Crew from Germany, US, Russia board ISS

June 8, 2018
Russia's Soyuz rocket successfuly carried NASA's Serena Aunon-Chancellor, Sergey Prokopyev of Russia and German Alexander Gerst to the International Space Station Friday

Two astronauts and a cosmonaut docked with the International Space Station on Friday and joined the current crew after blasting off two days earlier, Russia's space agency Roscosmos said.

German Alexander Gerst of the European Space Agency, NASA's Serena Aunon-Chancellor and Russian Sergei Prokopyev, a relatively inexperienced crew, successfully docked with the ISS at 13:01 GMT and then entered the orbiting space laboratory, Roscosmos said.

They were welcomed by the station's current residents: US astronauts Drew Feustel and Richard Arnold, and Russian Oleg Artemyev.

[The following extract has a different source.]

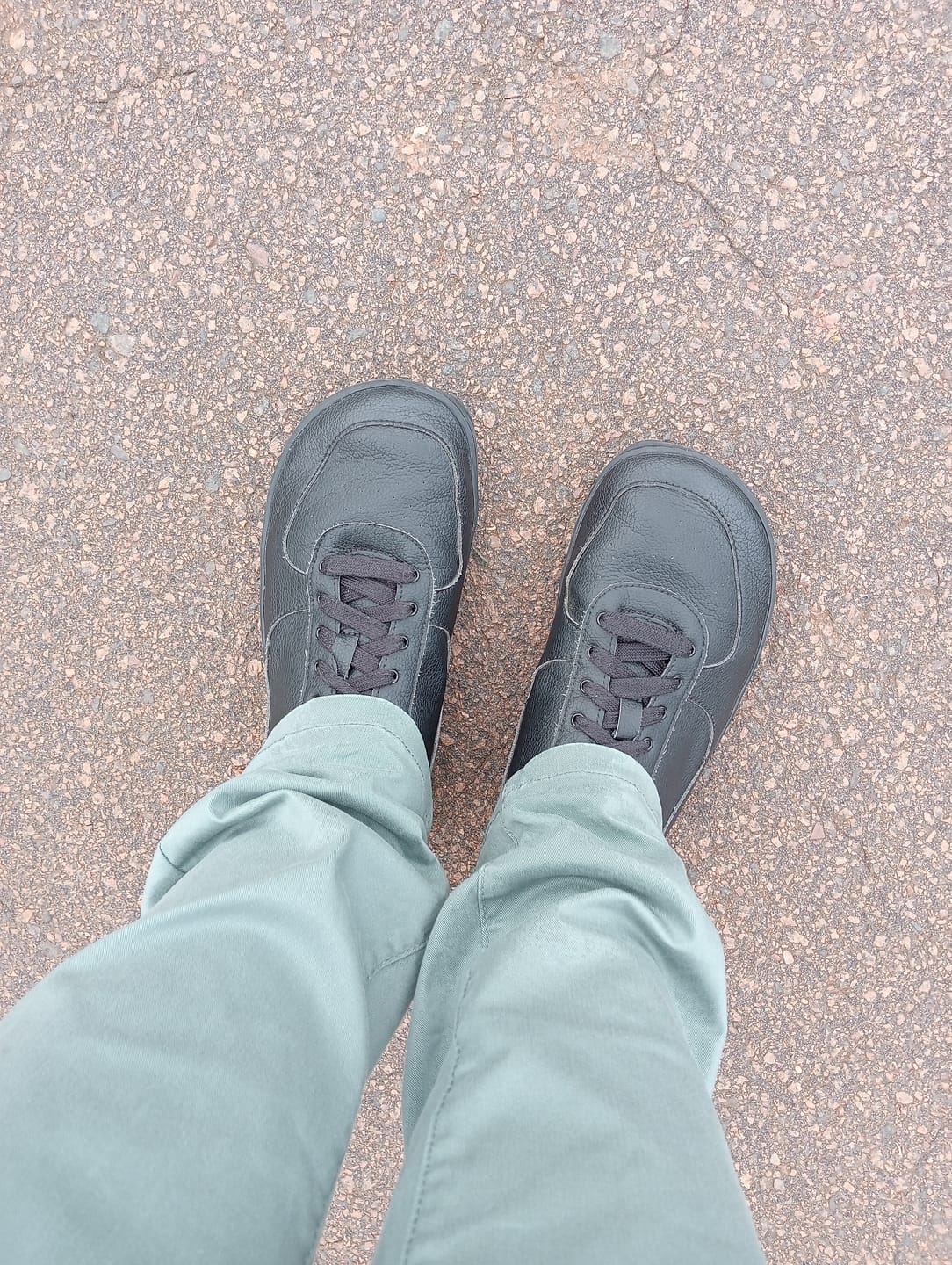 Customer photo review of BLACK LOW - ADULTS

The new arrivals only have a total of one mission between them—42-year-old Gerst's debut aboard the ISS was in 2014—making this one of the less experienced crews to join the space station in recent times.

Aunon-Chancellor, a doctor, was only confirmed by NASA this year for the mission, which will last five months.

The blasted off from Russia's rented Baikonur base in Kazakhstan on Wednesday.

The astronauts will miss the World Cup, hosted by Russia from June 14, but they are all set to play a football match on the day of the final on July 15.

The Soyuz rocket that carried the trio into space was emblazoned with the tournament's emblem.

The most recent team to leave the ISS—Russian Anton Shkaplerov, Scott Tingle of the United States and Norishige Kanai of Japan—landed back on Earth on Sunday, bringing back a football kicked around the ISS that may be used in the World Cup opening game in Moscow.

The laboratory has been orbiting Earth at about 28,000 kilometres per hour (17,000 miles per hour) since 1998.

Space research has been one of the few areas of international cooperation between Russia and the West that has not been wrecked by the Ukraine crisis.